Here Comes the Plastic Money
March 23, 2012 by Technology Review on MashableMIT Technology Review is a Mashable publishing partner that identifies emerging technologies and analyzes their impact for technology and business leaders. This article is reprinted with the publisher's permission.
The Canadian dollar is worth more than the U.S. greenback. But Canadians are abuzz about something else entirely: plastic money.
Last November, Canada introduced a plastic $100 bill, becoming one of about three dozen countries that have replaced at least some paper banknotes with bills printed on polymer. Beginning Monday, the Bank of Canada will begin circulating $50 bills made of the same material, and smaller denominations will follow next year.
The switch to polymer is the result of an effort to reduce one of the highest rates of counterfeiting among the world’s 20 largest economies. In 2004, Canada was finding 470 forged banknotes for every million in circulation. The Bank of Canada says the new notes are easy to verify and hard to counterfeit.
The new Canadian $100 bill feels slick, is hard to tear, and is stiffer than paper . But the most notable difference is that it features clear plastic windows, including one in the shape of a jagged-edged maple leaf with a smaller, frosted maple leaf within it. Looking through the leaf at a point light source reveals a hologram that displays “100.”

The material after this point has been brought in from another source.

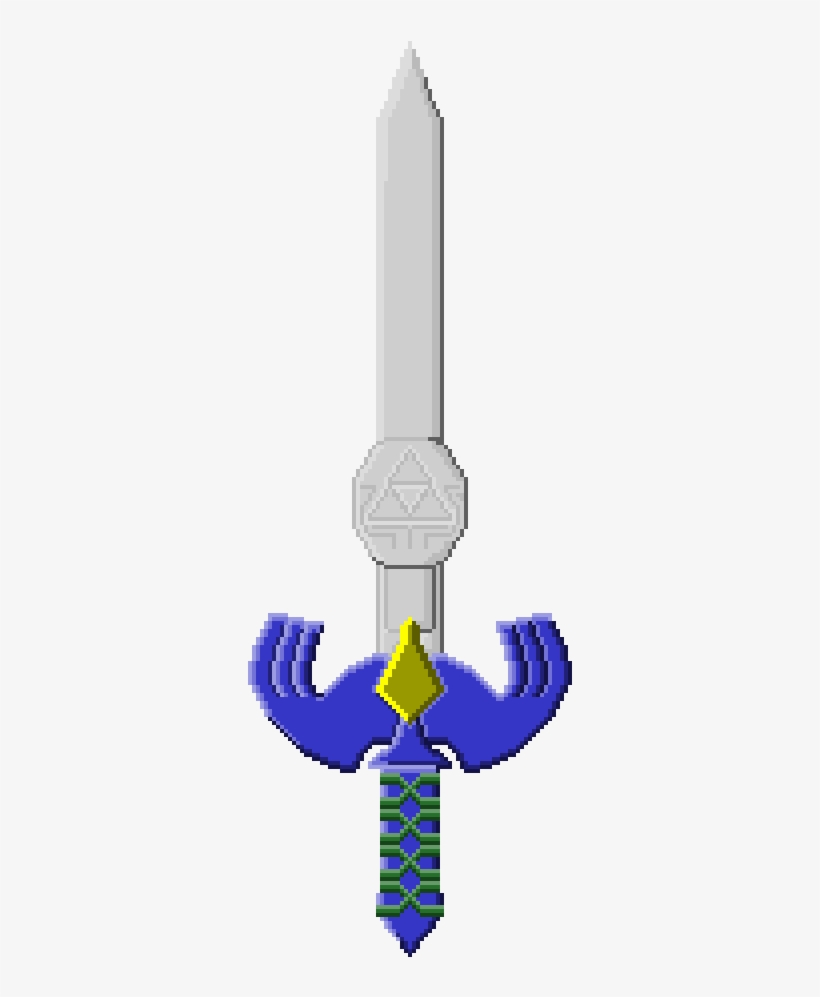 Master Sword - Crest, transparent png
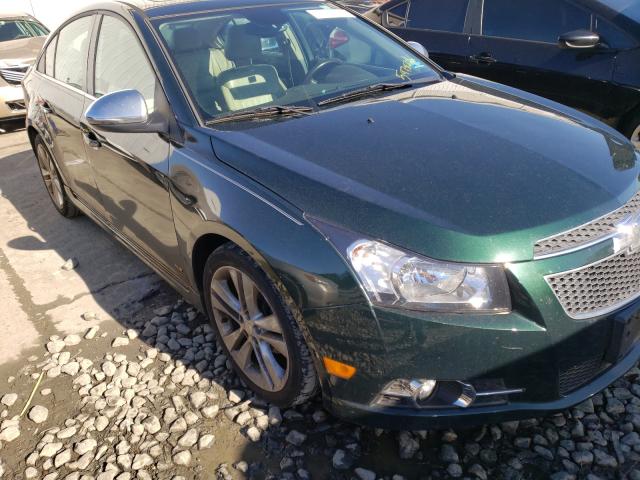 Chevrolet Cruze ltz (2014)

A second plastic window, running vertically on the right side of the bill, contains a metallic portrait of a building that changes color when the note is moved. “It makes it harder for professionals to counterfeit,” says David Menzies, strategic marketing manager at Securency International, the Australian company that produces the polymer substrate currently used in all polymer bills, including the Canadian ones. Australia was the first country to introduce plastic currency, with a commemorative $10 note in 1988. It began replacing its paper money in 1992.
The substrate consists of layers of biaxially oriented polypropylene—a plastic commonly used for packaging snacks or bagging lettuce. Securency can supply the plastic with a base of printed colors, as well as some security features. Rolls of the material are then shipped to individual countries, where printers can add additional features determined by the country’s central bank.
Menzies says both the intricacies of the see-through windows and other features make it hard for a person working with just a computer and a printer to replicate the polymer notes. That immediately undermines what he calls “casual counterfeiting,” in which a person in need of cash dummies up a quick and sloppy forgery on a laser printer. They could still be copied by more sophisticated forgers in organized crime or rogue governments (North Korea has produced nearly flawless copies of U.S. $100 notes), but the polymer’s features won’t make it easy.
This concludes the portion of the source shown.